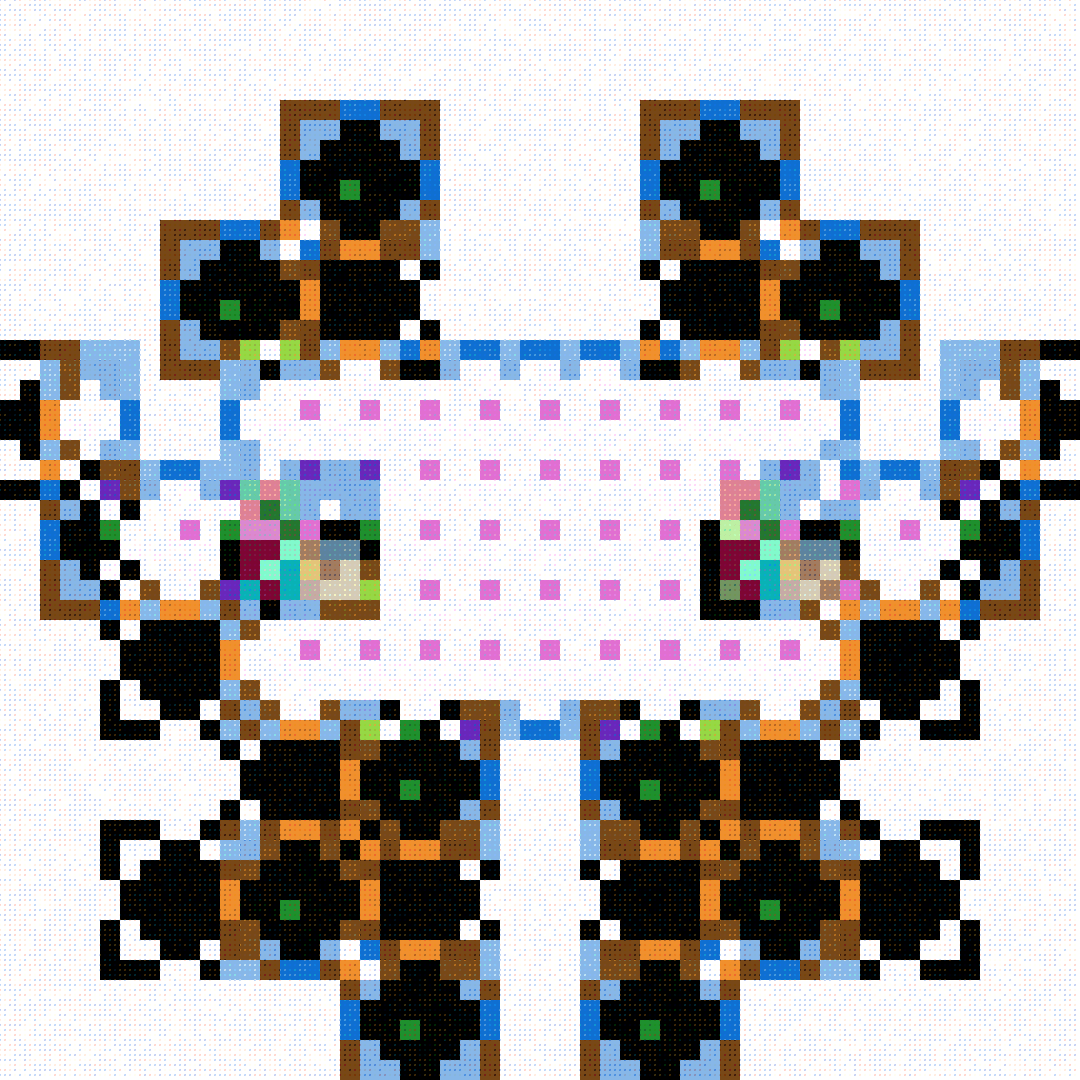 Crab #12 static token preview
...
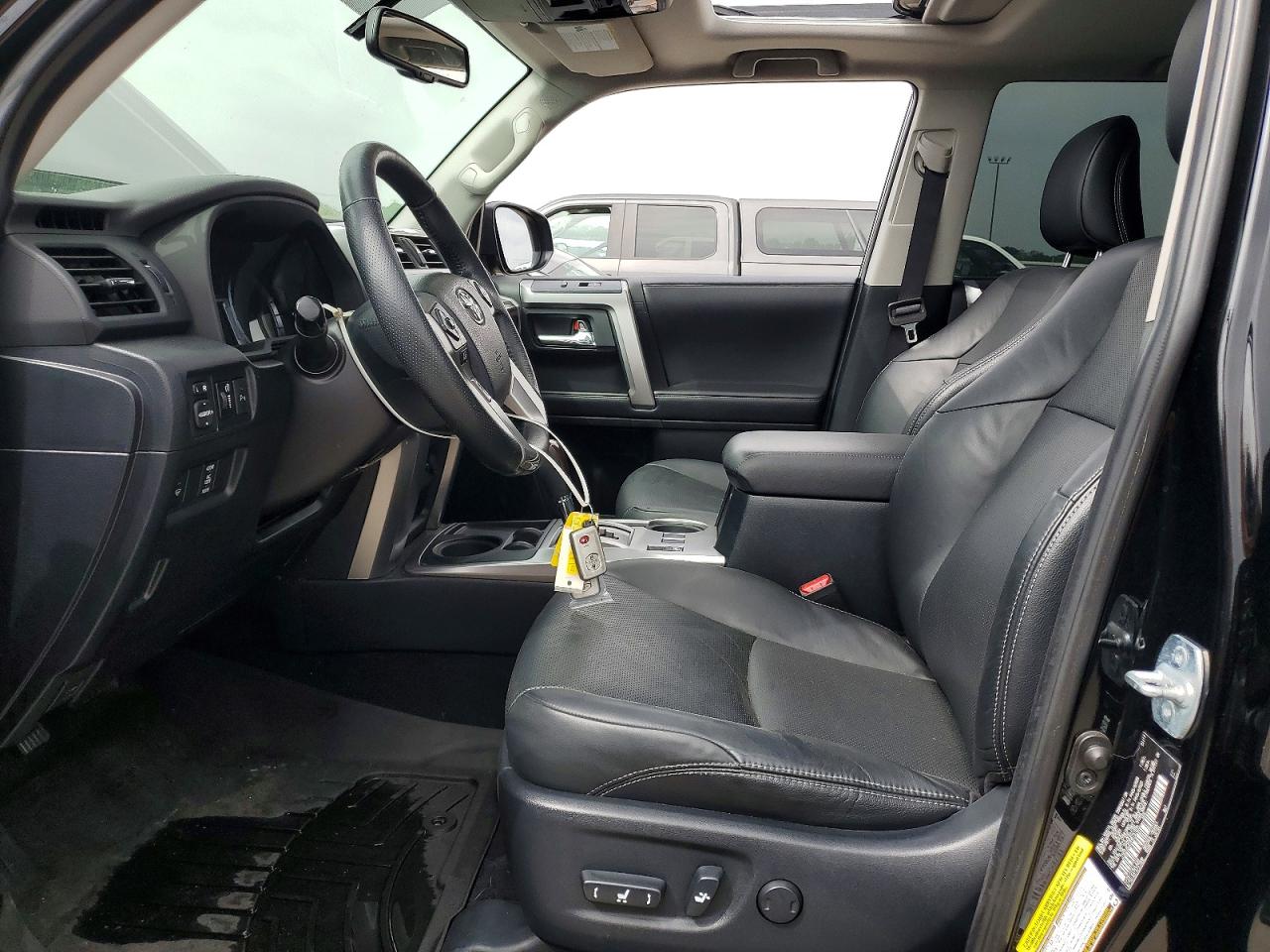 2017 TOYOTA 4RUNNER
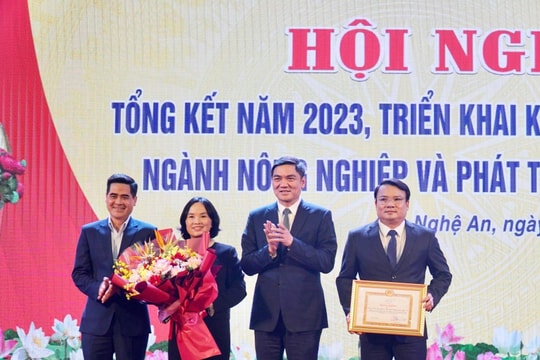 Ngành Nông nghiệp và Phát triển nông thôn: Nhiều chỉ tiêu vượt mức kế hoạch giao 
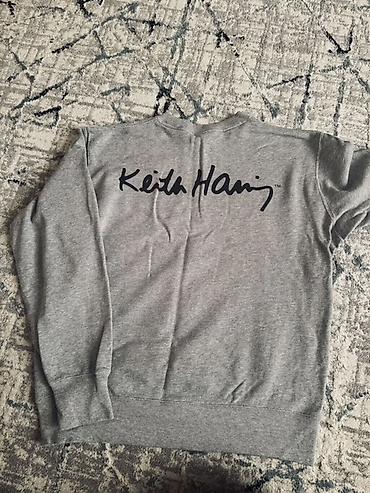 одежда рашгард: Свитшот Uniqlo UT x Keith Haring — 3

• _Work instruction_
Print, exactly, each line above from the one with "2017 TOYOTA 4RUNNER" to the one with "одежда рашгард: Свитшот", end lines included. Leave pictures out of it.

• _Finished task_
 2017 TOYOTA 4RUNNER
 Ngành Nông nghiệp và Phát triển nông thôn: Nhiều chỉ tiêu vượt mức kế hoạch giao 
 одежда рашгард: Свитшот Uniqlo UT x Keith Haring — 3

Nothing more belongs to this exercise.